I don’t think you can ever go wrong serving your country, in that sense, whoever the president is. I don’t see any problem with him saying — in a GOP primary debate — “yes, I served in China, because it was too important not to, but here’s how I disagree with this president” on a whole host of critical issues. Combined with his own successful record as Governor of Utah, he could stake out a position as a principled but pragmatic conservative who puts patriotic interests above partisan politics — and I think a lot of Republicans would find that very appealing.
There’s a precedent, after all. In 1964, the Republican Party was unhappily split going into the primaries that year, between a hard-edged, populist true believer who many feared might prove unelectable (Goldwater then, Palin today) and a wealthy northeastern governor distrusted by the base as wishy-washy (Rockefeller then, Romney today). Many Republican voters were eagerly seeking a third choice. A small group of political amateurs put together a grassroots campaign to draft Henry Cabot Lodge Jr., a former Republican senator who was serving Democrat Lyndon Johnson as ambassador to South Vietnam: point man for the president’s Asia policy. Lodge won the New Hampshire primary on a write-in ballot, and suddenly emerged as the party’s front-runner. The problem was, Lodge had no campaign organization prepared to follow up on this victory, so he quickly faded. Clearly, there’s a precedent, though, for an ambassador to run against the president he served, and be accepted by the opposition party. If Huntsman goes into it more prepared — and from what I can tell, he’s doing exactly that — the outcome could be very different this time.
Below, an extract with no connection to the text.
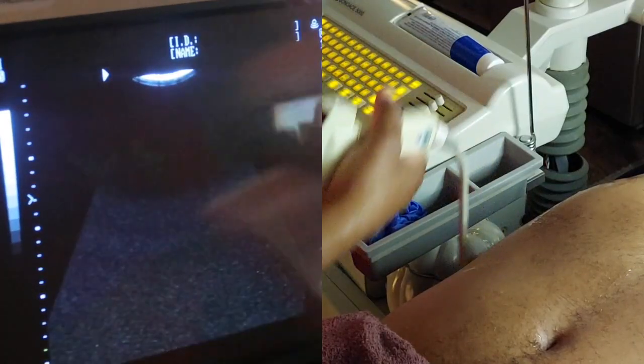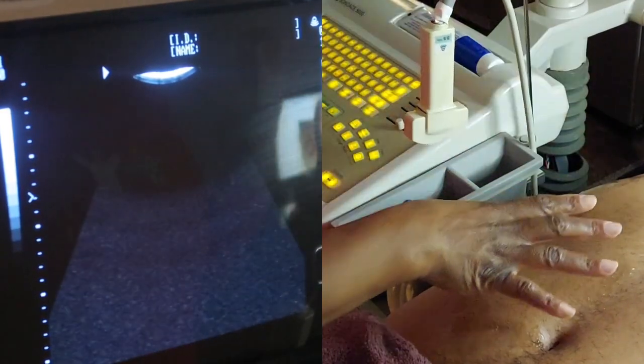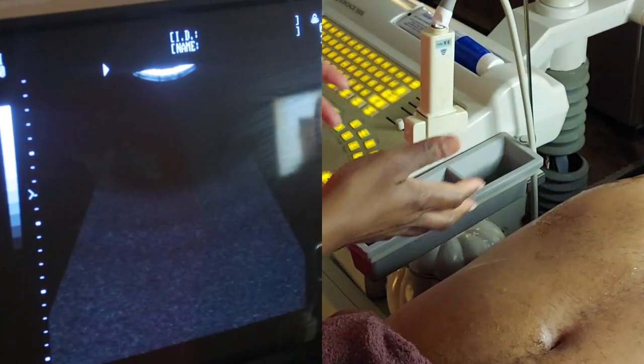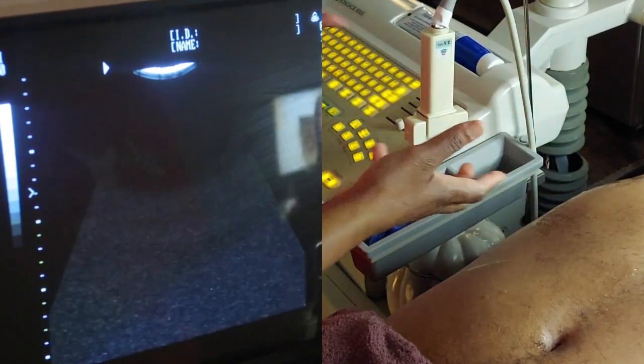Ask any question you want and I will definitely answer them for you, and if I don't know them, I will research them. Today's video is about ultrasound and how to remove rib shadow. So today we are going to be scanning a man's abdomen, liver right upper quadrant, only trying to teach you guys how to get rid of rib shadow and also find the best window for scanning.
(Critics might say, fine, but Johnson won the election that year in a landslide. Yes, but that’s partly because Goldwater did prove unelectable and partly because nobody can tell how strong a sitting president will be –then or now — until closer to the election. The point I’m making is about the plausibility of winning the party nomination).
Alternatively, let’s paint a “worst case” scenario for Huntsman. Many political strategists have observed that whereas Democrats like to “fall in love” with a new guy (Carter, Clinton, and Obama all fit this mode), Republicans like to nominate “the next guy in line.” Ford was Nixon’s VP, Reagan was the guy Ford beat, Bush (Sr.) was the guy Reagan beat, Dole was the guy Bush Sr. beat, McCain was the guy Bush Jr. beat. Now Romney is in the line of succession as the guy McCain beat. Hardly an inspiring way of choosing a candidate, but Republicans apparently like a known quantity. Say this trend holds, and Romney is the foreordained choice in 2012. Then who would you want to be in 2016? The guy Romney beat. I’m not saying that’s what Huntsman’s aiming at (I think he aims to win), but the point is, as long as Huntsman puts in a credible showing, he puts himself in that Republican “line of succession” and positions himself as a strong contender for 2016 — which is smart. One thing’s for certain: you can’t win the prize if you don’t run the race.
I can’t say how warmly Huntsman will be received by Republican primary voters, or how strong Obama will be next year in November — only time will tell. What I can say is, I think Huntsman is a credible and welcome addition to the field.